= Supplied material =
_ _ _ _ _ _ _
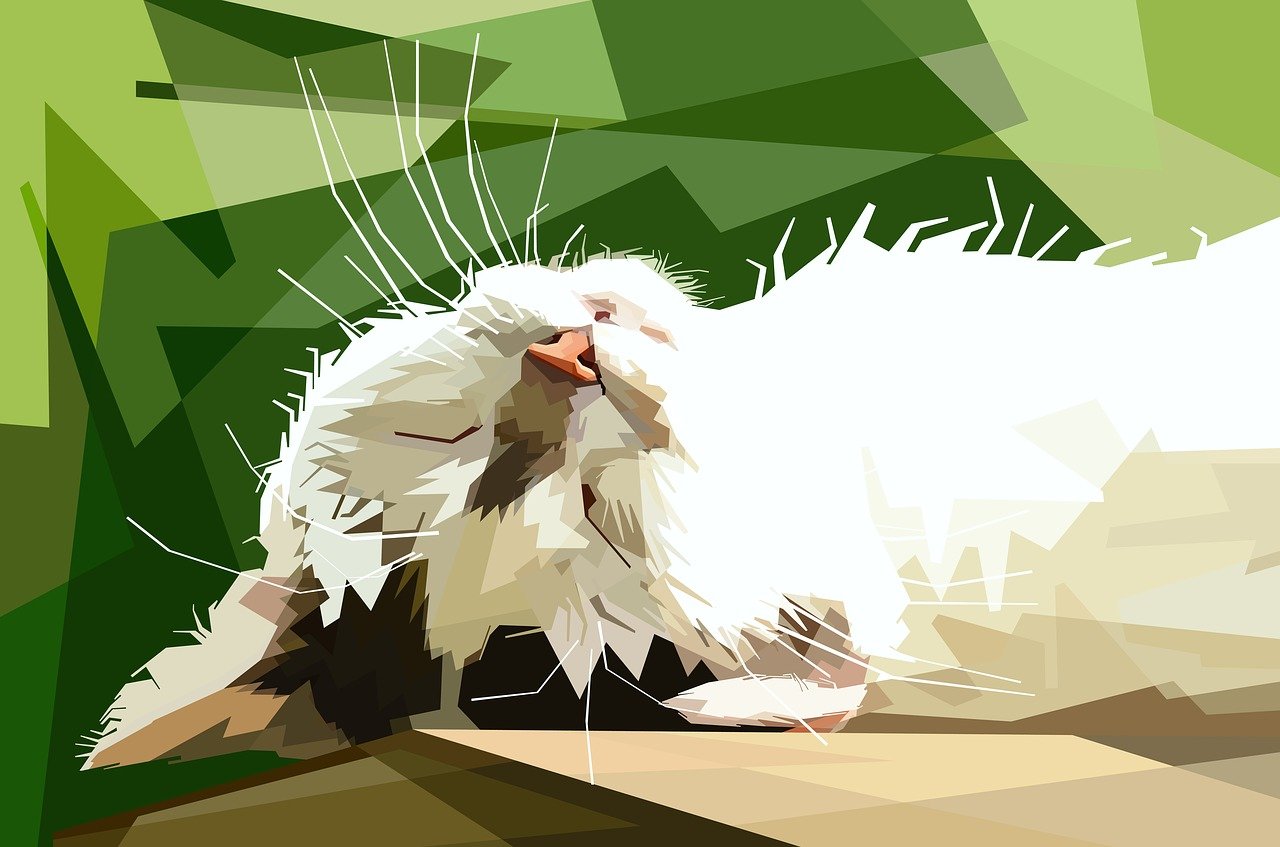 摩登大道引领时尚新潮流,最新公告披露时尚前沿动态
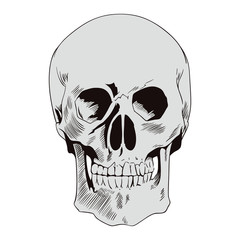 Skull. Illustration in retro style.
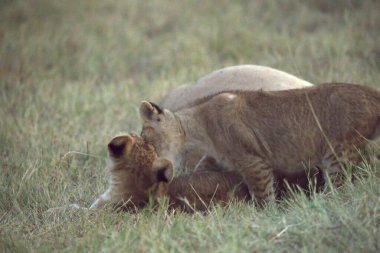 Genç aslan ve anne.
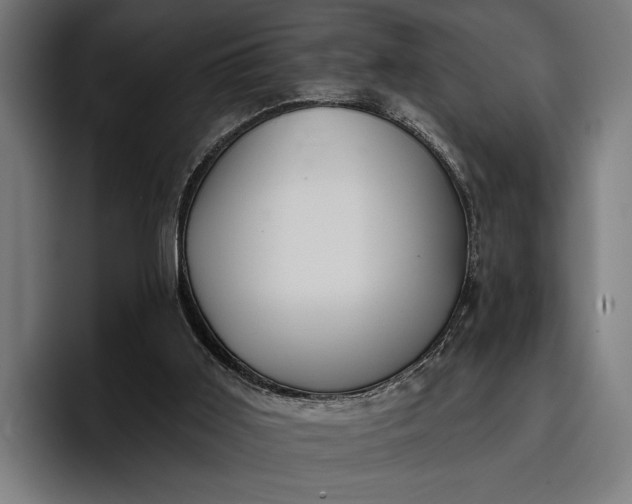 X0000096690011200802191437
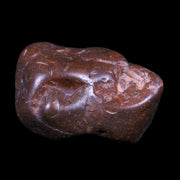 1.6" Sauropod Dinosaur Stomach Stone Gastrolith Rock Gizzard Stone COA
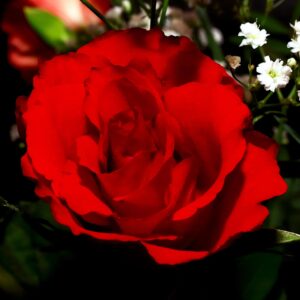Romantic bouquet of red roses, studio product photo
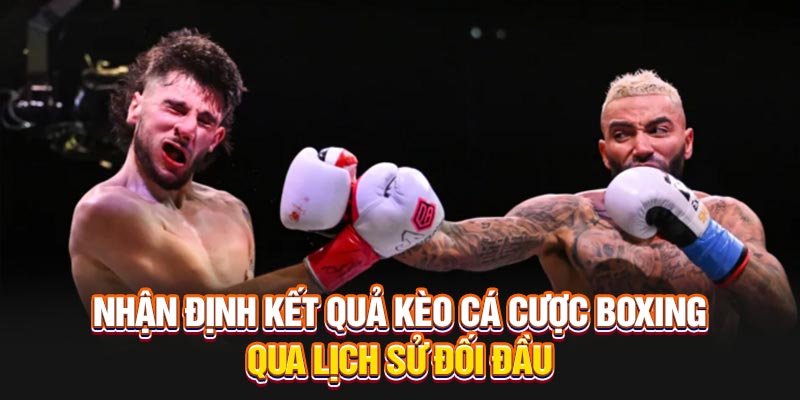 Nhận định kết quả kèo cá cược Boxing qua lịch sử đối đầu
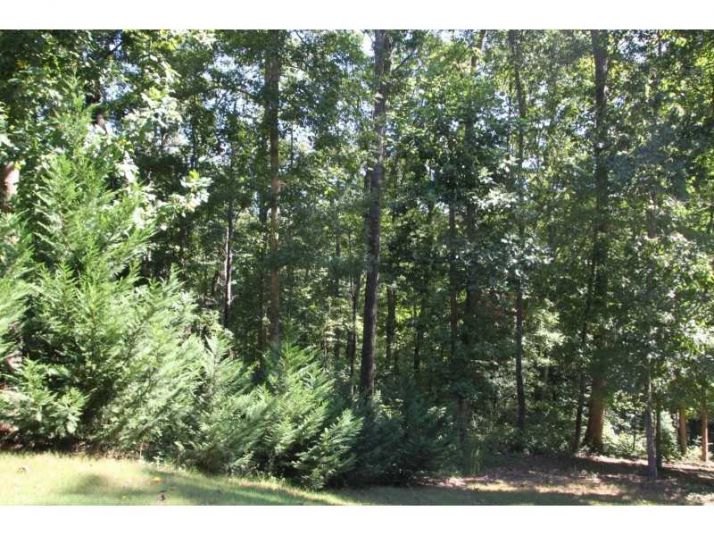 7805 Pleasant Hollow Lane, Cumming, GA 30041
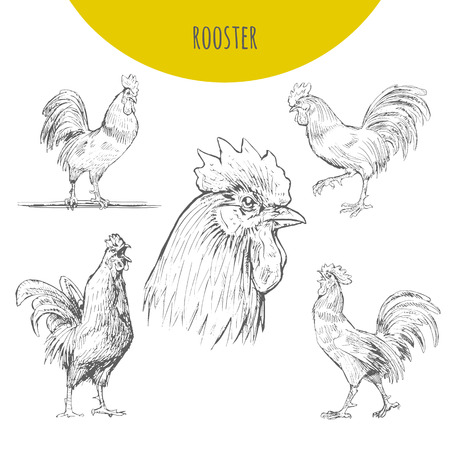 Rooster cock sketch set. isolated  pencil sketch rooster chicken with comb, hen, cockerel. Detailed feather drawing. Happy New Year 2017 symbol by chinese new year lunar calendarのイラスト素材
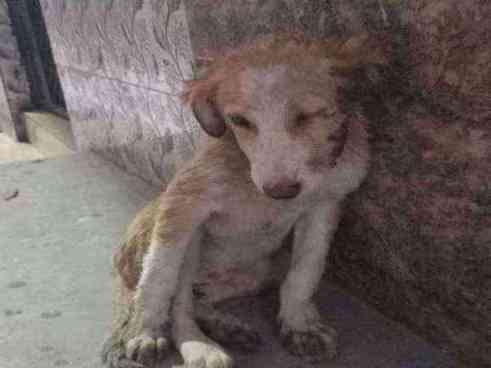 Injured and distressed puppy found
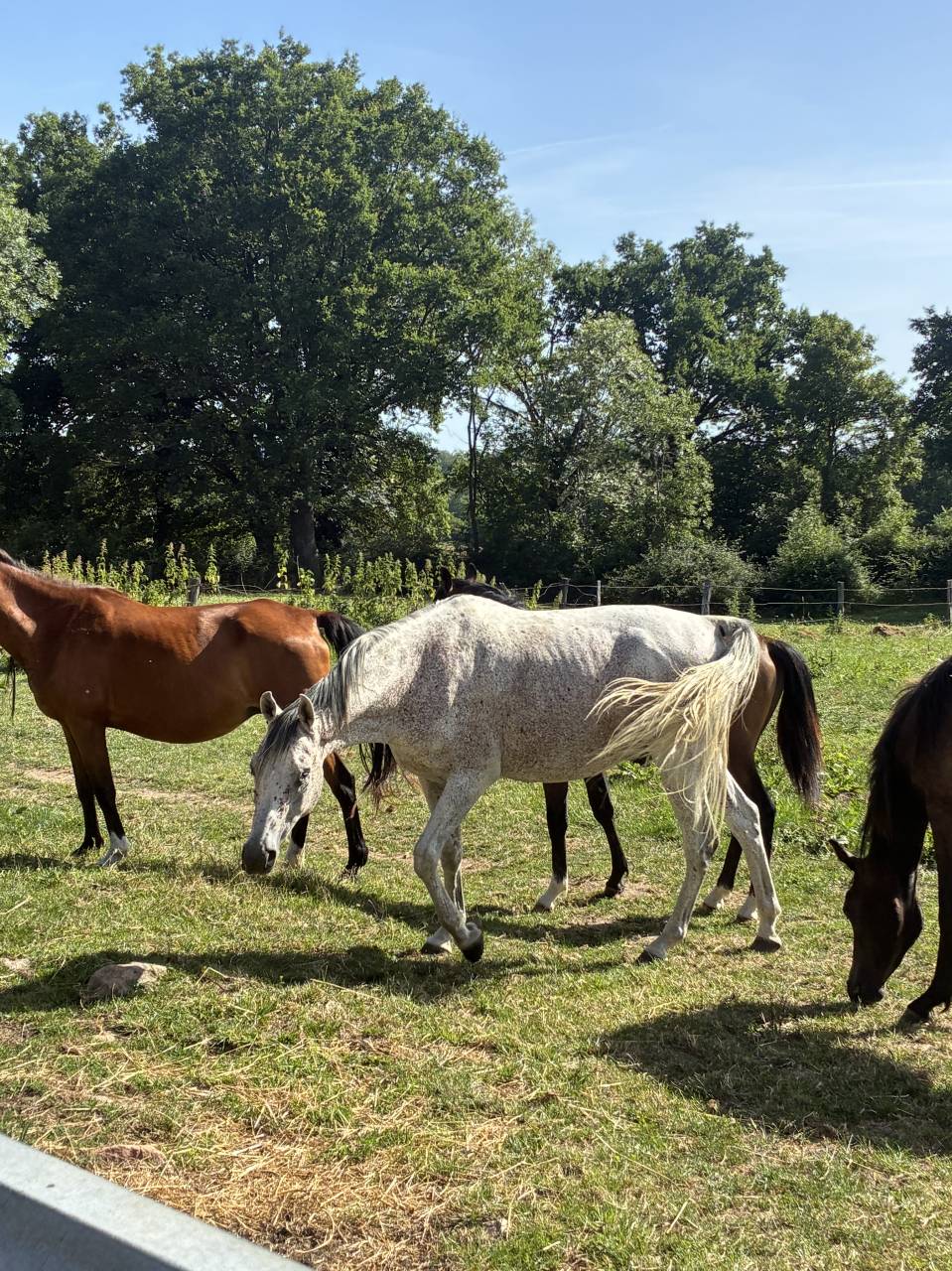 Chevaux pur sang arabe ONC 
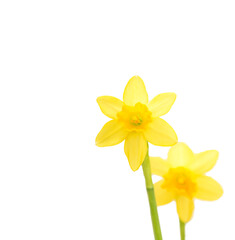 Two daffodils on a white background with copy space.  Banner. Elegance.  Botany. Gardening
_ _ _ _ _ _ _
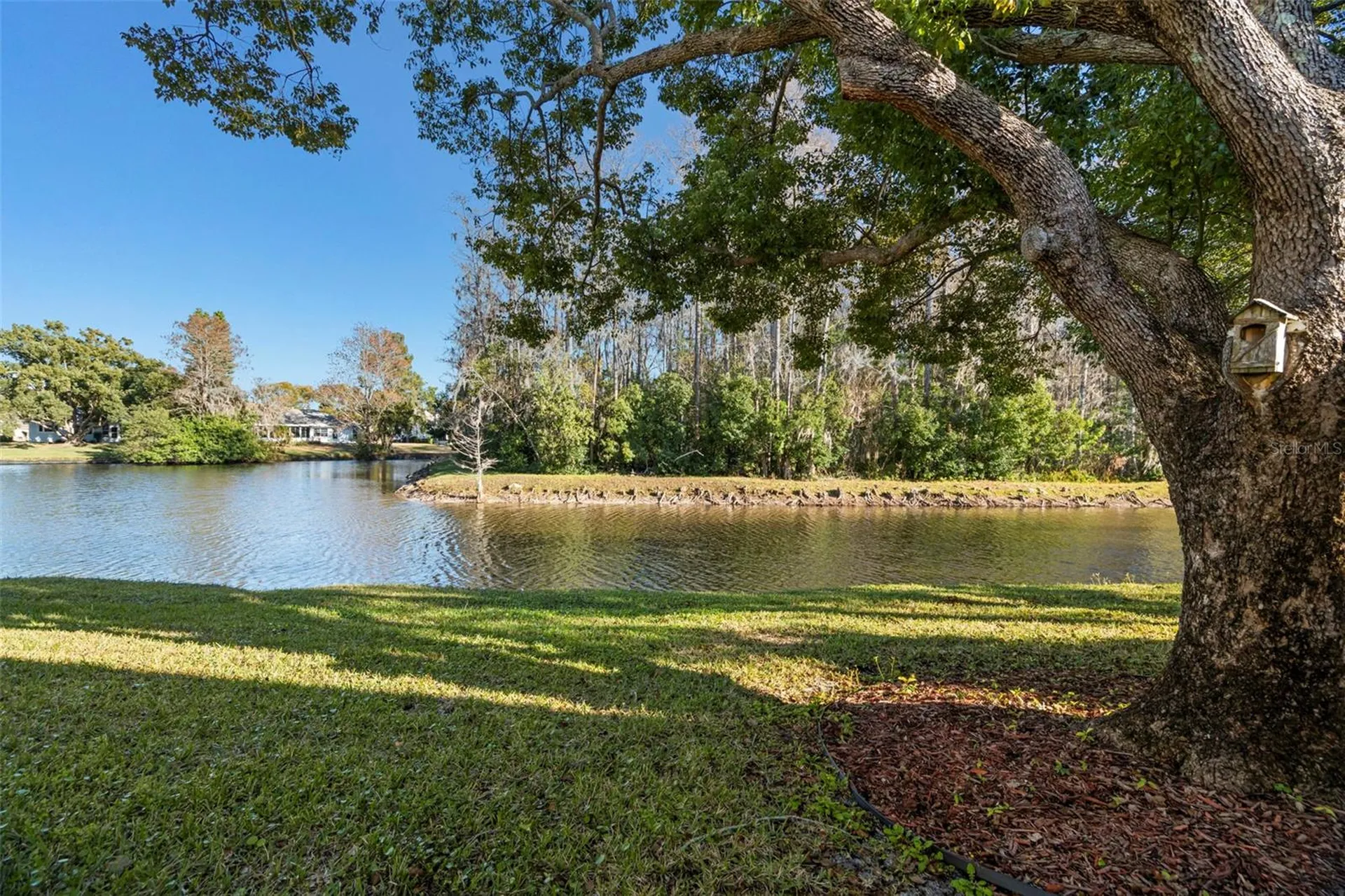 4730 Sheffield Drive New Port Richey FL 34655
_ _ _ _ _ _ _
= Work item =
Output exactly the stretch of the listing that begins at the line containing "摩登大道引领时尚新潮流,最新公告披露时尚前沿动态" and ends at the line containing "Two daffodils on", both kept. Omit pictures and everything else.

= Result of the exercise =
 摩登大道引领时尚新潮流,最新公告披露时尚前沿动态
 Skull. Illustration in retro style.
 Genç aslan ve anne.
 X0000096690011200802191437
 1.6" Sauropod Dinosaur Stomach Stone Gastrolith Rock Gizzard Stone COA
Romantic bouquet of red roses, studio product photo
 Nhận định kết quả kèo cá cược Boxing qua lịch sử đối đầu
 7805 Pleasant Hollow Lane, Cumming, GA 30041
 Rooster cock sketch set. isolated  pencil sketch rooster chicken with comb, hen, cockerel. Detailed feather drawing. Happy New Year 2017 symbol by chinese new year lunar calendarのイラスト素材
 Injured and distressed puppy found
 Chevaux pur sang arabe ONC 
 Two daffodils on a white background with copy space.  Banner. Elegance.  Botany. Gardening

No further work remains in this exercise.